それでも「ジェリーに招待された」と美女のリタ(ダイアン・アボット)を誘って別荘に押しかける。ジェリーは怒り心頭だ。追い返されたルパートはジェリーの熱烈なファンのマーシャ(サンドラ・バーンハード)とともに彼を誘拐するのだった……。
サイコパス男を描いたコメディーだ。ルパートはジェリーの秘書に拒絶されていることを理解できず、自分を特別な存在と思い込む。自室にジェリーの等身大パネルを飾り、彼と自分を演じ分けてしゃべるのは妄想癖ゆえだろう。壁越しに母親が「早く寝なさい」と注意するが、本当に母は実在するのか。「サイコ」のような1人2役ではないか。

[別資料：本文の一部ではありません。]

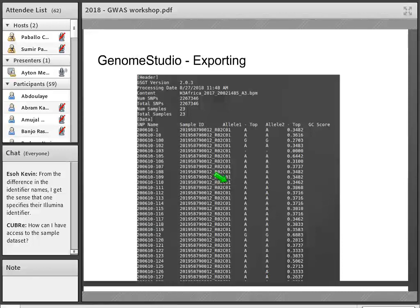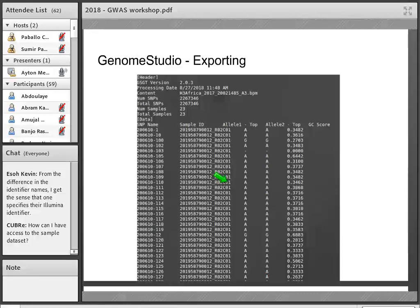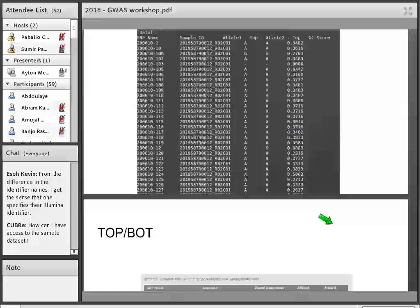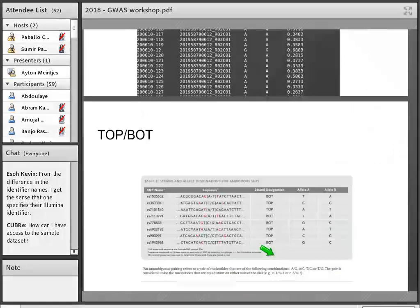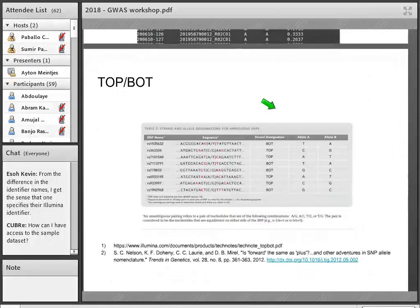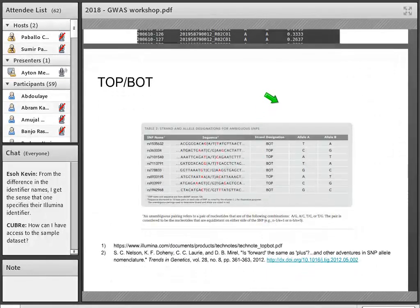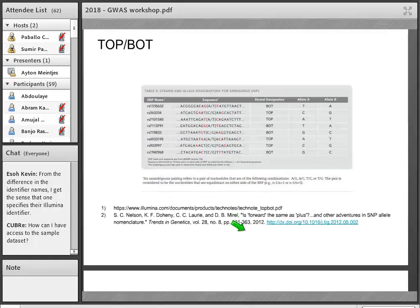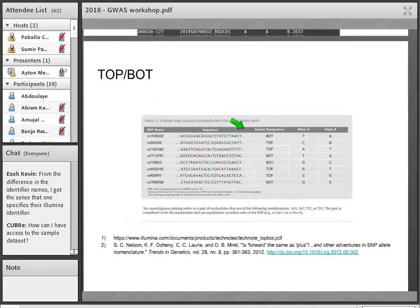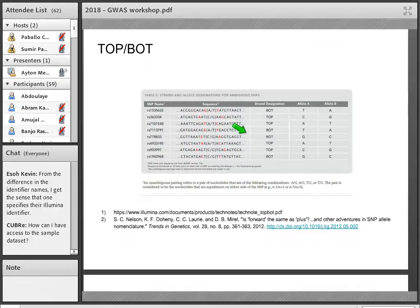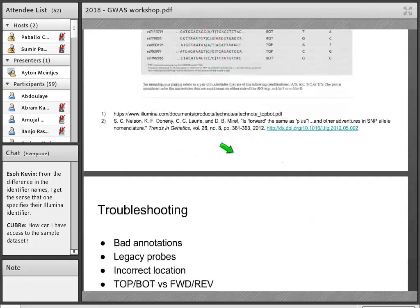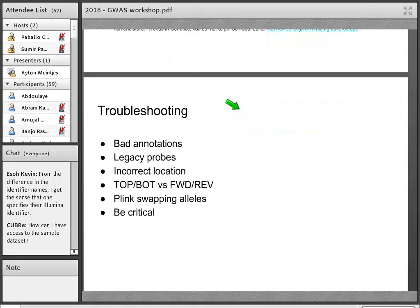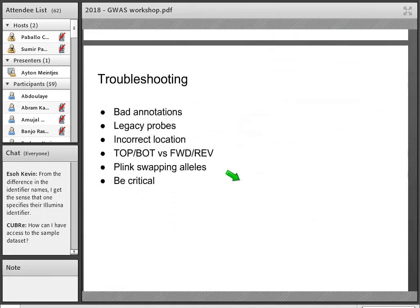So once you've exported your data into this Illumina format, one is able to then go back to the GWAS workflow and use the top bottom to forward script to convert those. There are good instructions on the GitHub repo, but it's fairly simple to use.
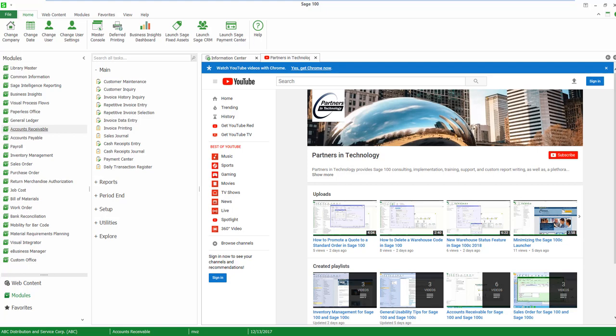Hello, this is Mary Lynn Van Sweeten with Partners in Technology. Today I'm going to show you how to record a miscellaneous cash receipt in Sage 100.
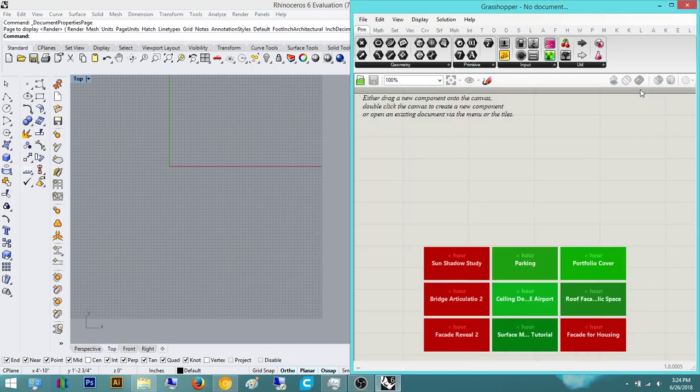Hey everyone, today I'm going to do a tutorial on Surface Morph. I did already do one tutorial on it, but I think I want to make its own separate video and kind of reiterate the points I made on Surface Morph — this tutorial is really just about the component's Surface Morph. So let's get on to it.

ルパートと同類の人物はわれわれの中に存在する。数年前、ある有名作家の講演会の手伝いをしていたら、終了後、勝手にステージの袖に入ってきた中年女性から「先生に会いたい」と言われた。先生は帰ったと断ると、彼女はステージに駆け寄って作家を見つけ、「先生、私の小説読んでくださった? 感想は?」としつこく聞いていた。作家は顔が硬直。女性が一方的に原稿を送り付けたのだった。